Since 2016, N.C. volunteer fire departments have lost an average of 600 members per year.
The Pumpkin Center Volunteer Fire Department, one of 15 fire departments in Onslow County, has seen a shortage of volunteers first-hand.
“It’s going to be declining more and a lot of it has to do with the commitment that you have to have, the training hours that you provide,” said Jeremy Foster, fire chief at the Pumpkin Center Volunteer Fire Dept.
Foster said there are currently 31 volunteers on his roster, but about 15 of those are seen on a daily basis.
He considers family obligations, church or sports factors on why there is a shortage in the fire department, including those in the Marine Corp.
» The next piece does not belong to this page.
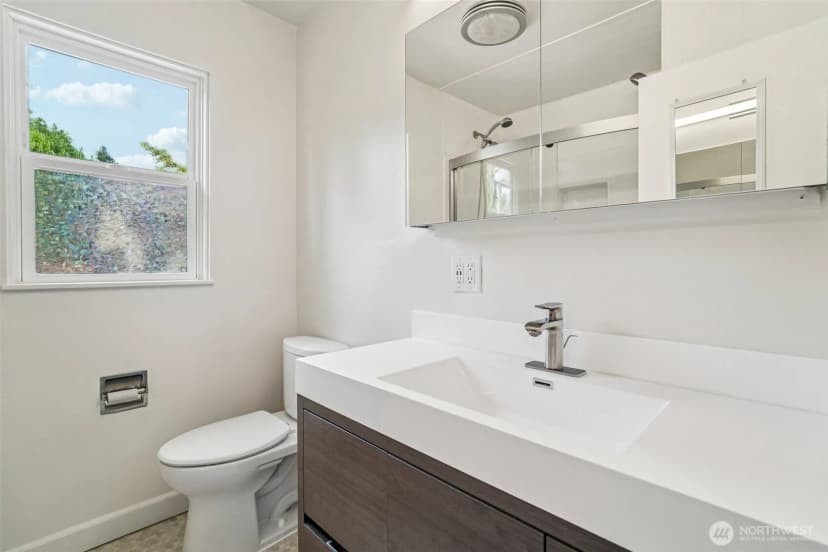 Property photo for 7123 192nd Place Sw, Lynnwood photo 12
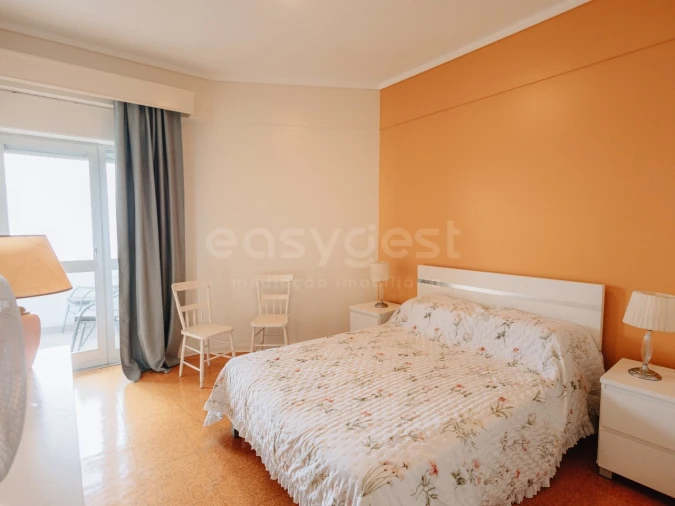Apartamento T3 para Arrendamento em Ponta Delgada (São Pedro) Foto 4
The average troop stays one and a half to two years at the Pumpkin Center.
“They start taking your classes, they get training, they answer calls and just about the time they get trained…what happens? They either get deployed, they get transferred,” said Foster.
The shortage of volunteers hasn’t impacted the services they provide but it puts more strain on the firefighters during an emergency.
“The extra hand could always be helpful in that the guy who needs to be to work on time or even just to help us get the job done,” said Joseph Williams, a volunteer firefighter at Pumpkin Center.
According to FEMA, volunteer firefighters are declining at 11% to 12% annually.
“It makes me worried years from now if we’re struggling now what it may be,” said Williams.
FEMA adds that 90% of fire departments in N.C. are volunteer based.
The North Carolina Association of Fire Chief and the International Association of Fire Chiefs launched a campaign to face this epidemic. It’s been funded by a grant that will help volunteer fire departments. One of those being Piney Green Volunteer Fire Department in Jacksonville.